Statements as Evidence of State Practice for Custom Creation in International Investment Law - WAMR 2016 Vol. 10, No. 1
Patrick Dumberry, Ph.D. (Graduate Institute of International Studies, Geneva, Switzerland), Associate Professor, Faculty of Law (Civil Law Section), University of Ottawa, Canada. He practiced international arbitration for several years with law firms (in Geneva and Montreal), as well as with Canada’s Ministry of Foreign Affairs (Trade Law Bureau). He publishes in the fields of international law and international investment law. His publications can be found at this page: http://www.droitcivil.uottawa.ca/index.php?option=com_contact&view=contact&id=148:patrick&catid=18&Itemid=118&lang=fr.
Originally From World Arbitration and Mediation Review (WAMR)

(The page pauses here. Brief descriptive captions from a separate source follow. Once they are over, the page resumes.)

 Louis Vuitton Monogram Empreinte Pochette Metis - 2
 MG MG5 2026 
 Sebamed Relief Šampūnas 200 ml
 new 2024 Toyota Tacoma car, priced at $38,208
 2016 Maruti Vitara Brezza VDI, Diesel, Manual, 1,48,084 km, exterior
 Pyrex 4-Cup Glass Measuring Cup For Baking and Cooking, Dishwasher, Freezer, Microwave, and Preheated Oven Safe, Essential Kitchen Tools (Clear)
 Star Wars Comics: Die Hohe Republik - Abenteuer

One of the sources of international law listed in Article 38(1) of the Statute of the International Court of Justice (ICJ) is “international custom, as evidence of a general practice accepted as law.” Rules of customary international law are binding on all states. They gradually develop over time based on the uniform and consistent practice of a large number of representative states. For any customary rule to emerge, states must also have the conviction (or the belief) that such practice is required by law (opinio juris). This so-called “double requirement” has been consistently adopted by decisions of international courts and arbitral tribunals.

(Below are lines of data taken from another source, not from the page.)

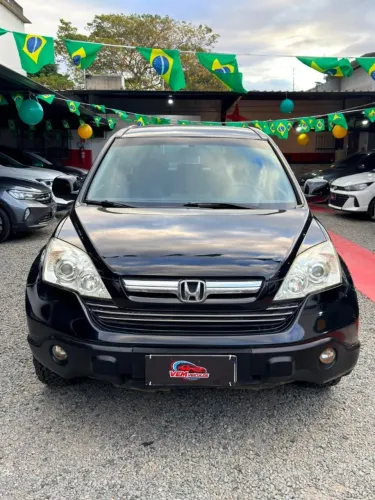 Honda CR-V LX 2.0 16V 2wd/2.0 Flexone Aut. 2008
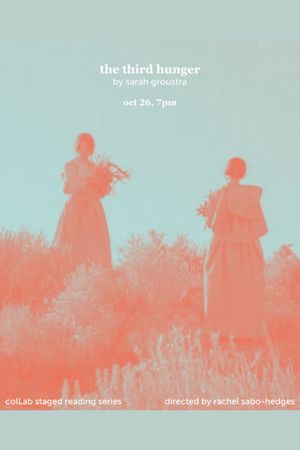 the third hunger poster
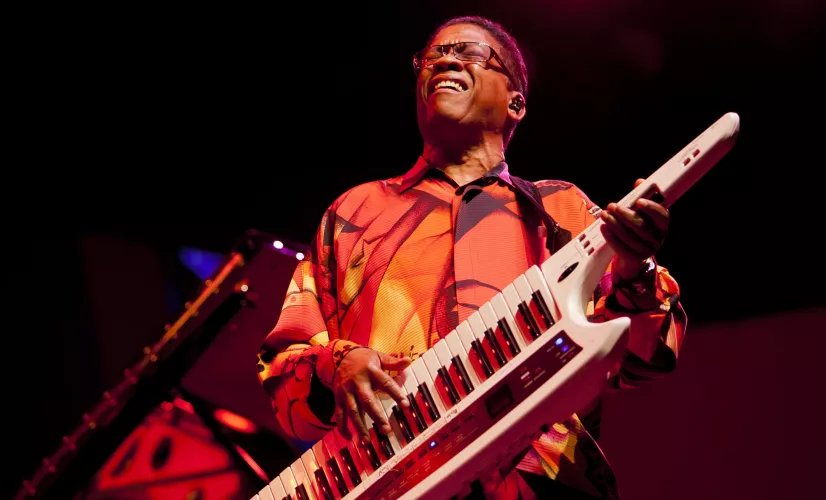 © Zycopolis Productions Herbie Hancock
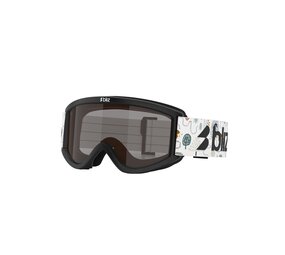 Bliz Pixie - Matte Black / Brown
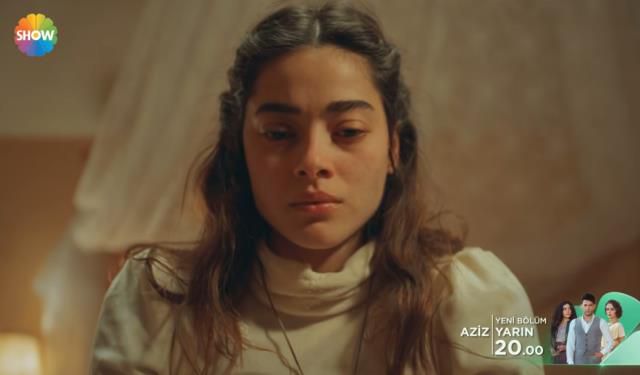 Aziz canlı izle! Show TV Aziz 20. yeni bölüm canlı izle! Aziz dizisi yeni bölümde neler olacak? Aziz dizisi son bölüm izle!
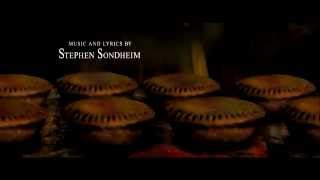 Sweeney Todd Title Sequence by The Morrison Studio [upl. by Aicnilav119]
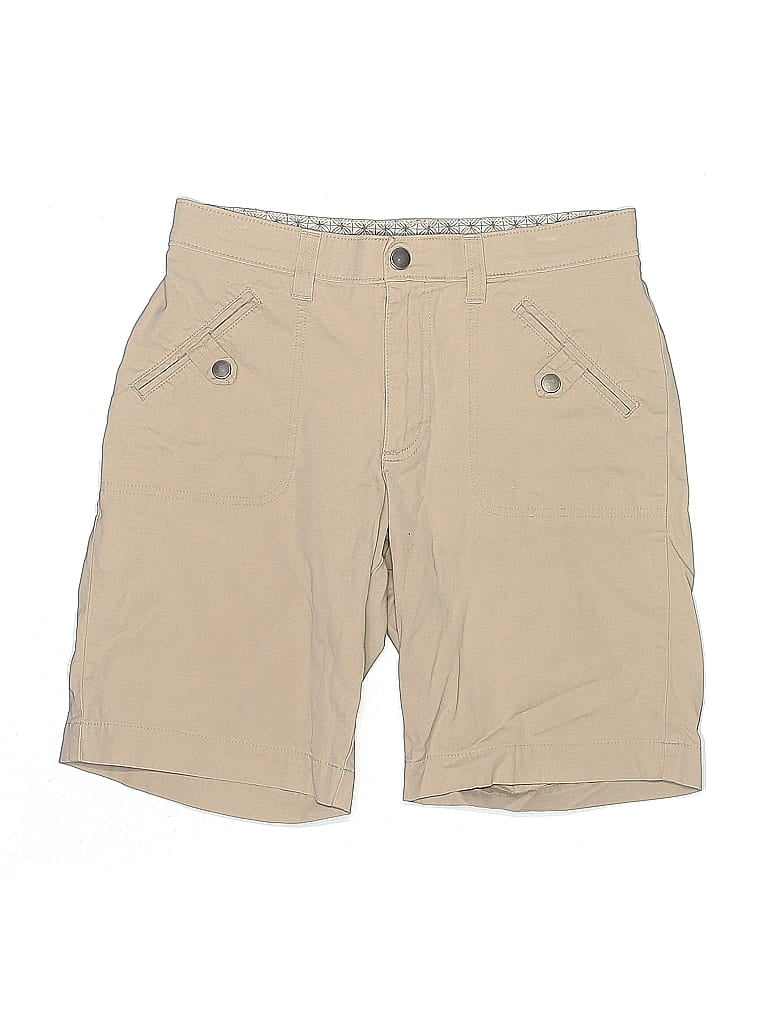 Pre-owned Lee Khaki Shorts In Brown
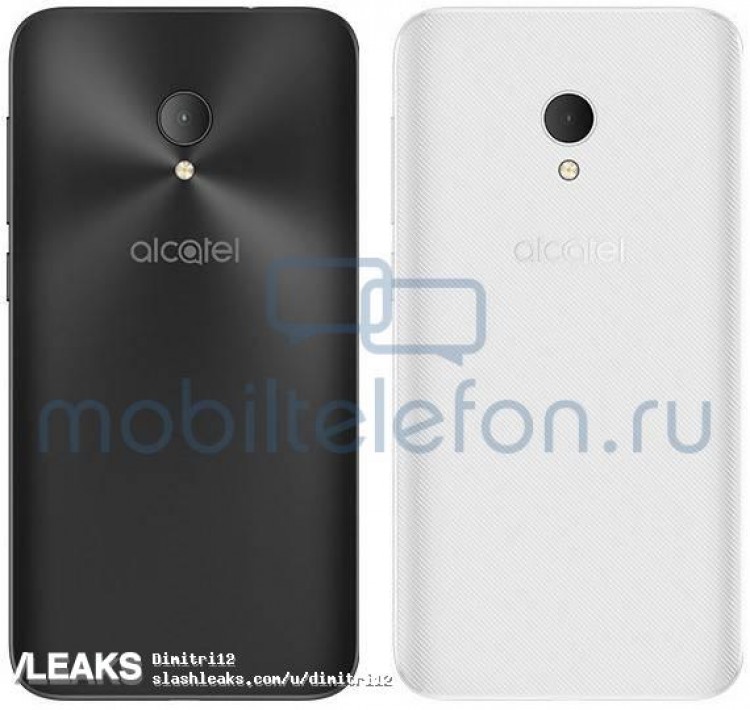 Alcatel U5 HD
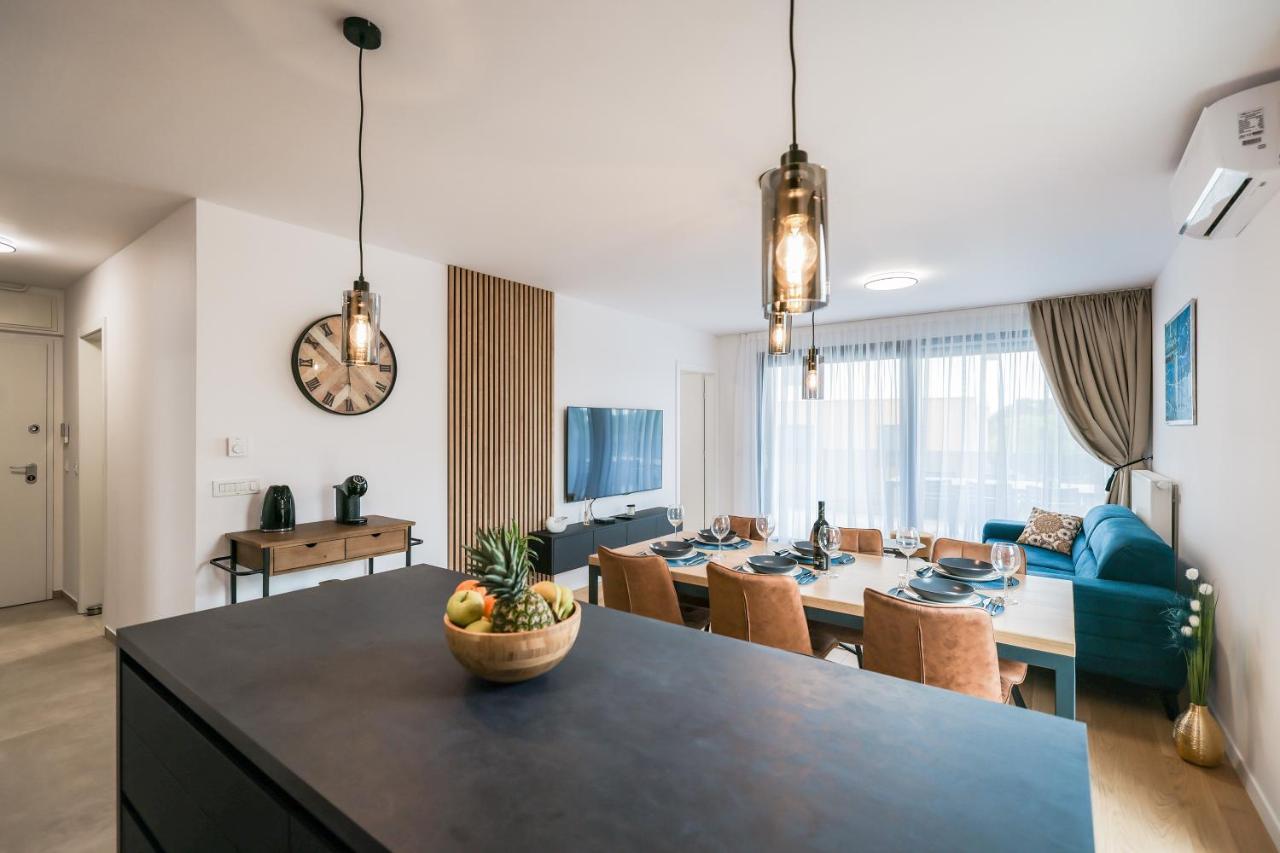 Premium Ventus Rosa - Tramontane Apartman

This article is part of the author’s recent work on how customary rules are created and how they can be identified in the field of international investment law In this article, the author intends to focus on one specific element regarding the essential requirement of state practice. Apart from the actual conduct of states in international relations, other “manifestations” of practice include signing/ratifying international treaties (and subsequent practice in relation to these instruments), activities within international organizations, conduct of the executive, legislative, and judiciary branches of government, and statements by states. Scholars typically enumerate lists of the different elements of relevant state practice.